Enclavado en la histórica ciudad de Patan, en el estado de Gujarat, se encuentra el fascinante Rani ki vav, un pozo escalonado que es una obra maestra de la ingeniería y la arquitectura de la India antigua. Este monumento, añadido a la lista de Patrimonio de la Humanidad de la UNESCO el 22 de junio de 2014, es un testimonio del esplendor de la dinastía Solanki que reinó en esta región entre los siglos XI y XIII.
El Rani ki vav fue construido en el siglo XI por la reina Udayamati en memoria de su esposo, el rey Bhimdev I. Esta impresionante estructura no solo funcionó como un recurso práctico para almacenar agua, vital en la árida región de Gujarat, sino también como un monumento de amor y devoción. Durante siglos, el pozo estuvo enterrado bajo el limo del río Saraswati, hasta que fue redescubierto y restaurado en la década de 1980.
La arquitectura del Rani ki vav es un ejemplo sublime del estilo Maru-Gurjara, caracterizado por su intrincada decoración y su diseño simétrico. El pozo tiene siete niveles de escaleras que descienden hasta la base, adornados con más de 500 esculturas de deidades hindúes, figuras mitológicas y motivos florales. Cada nivel revela un nuevo nivel de complejidad escultórica, destacando la destreza de los artesanos de la época. Las esculturas del dios hindú Vishnu en sus diferentes encarnaciones son particularmente notables, mostrando una atención al detalle que impresiona a los visitantes.

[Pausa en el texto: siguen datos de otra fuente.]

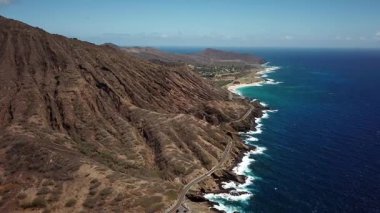 Honolulu 'nun doğu yakasındaki volkanik ve plajlı sahile yakın bir sahil yolu. Turkuaz kristal temiz okyanus ve güzel dağlar. İHA görüntüleri, Oahu Hawaii. Yüksek kalite 4k görüntü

Patan, la ciudad que alberga este magnífico monumento, es un lugar donde las tradiciones culturales han perdurado a lo largo del tiempo. La comunidad local celebra varias festividades con gran fervor, como el Uttarayan, el famoso festival de las cometas, y el Navratri, una celebración dedicada a la diosa Durga que dura nueve noches. Estas festividades son un reflejo de la rica herencia cultural de la región y una oportunidad para experimentar la hospitalidad y el espíritu comunitario de sus habitantes.
La gastronomía de Patan es otra atracción imperdible, con platos tradicionales que satisfacen el paladar de los viajeros. Los visitantes pueden deleitarse con especialidades locales como el dhokla, un pastel de arroz y garbanzos fermentados, o el thepla, un pan plano picante hecho con harina de trigo integral y hojas de fenogreco. No se puede dejar de probar el shrikhanda, un postre de yogur azucarado con cardamomo y azafrán, que ofrece un final dulce a cualquier comida.
Más allá de su esplendor arquitectónico y cultural, el Rani ki vav esconde curiosidades menos conocidas. Se dice que durante las excavaciones, se descubrieron túneles secretos que conectaban el pozo con el antiguo fuerte de Patan, utilizados probablemente como rutas de escape en tiempos de invasión. Además, el diseño del pozo refleja un calendario lunar, con cada nivel representando un mes del año hindú, un detalle que añade un nivel de misticismo a la estructura.
Para aquellos que planean visitar el Rani ki vav, el mejor momento es entre octubre y marzo, cuando el clima es más fresco y agradable. Se recomienda llegar temprano en la mañana para evitar las multitudes y disfrutar de la serena belleza del lugar en la luz suave del amanecer. Al explorar el pozo, preste atención a los detalles en las esculturas, especialmente las representaciones de Apsaras, las ninfas celestiales, que parecen cobrar vida en la piedra.
El Rani ki vav es más que un destino turístico; es un viaje al corazón de la historia, el arte y la cultura de la India. Al caminar por sus escalones y contemplar sus esculturas, uno no puede evitar sentirse transportado a una época en la que el amor y la devoción eran esculpidos en piedra, dejando un legado que perdura hasta nuestros días.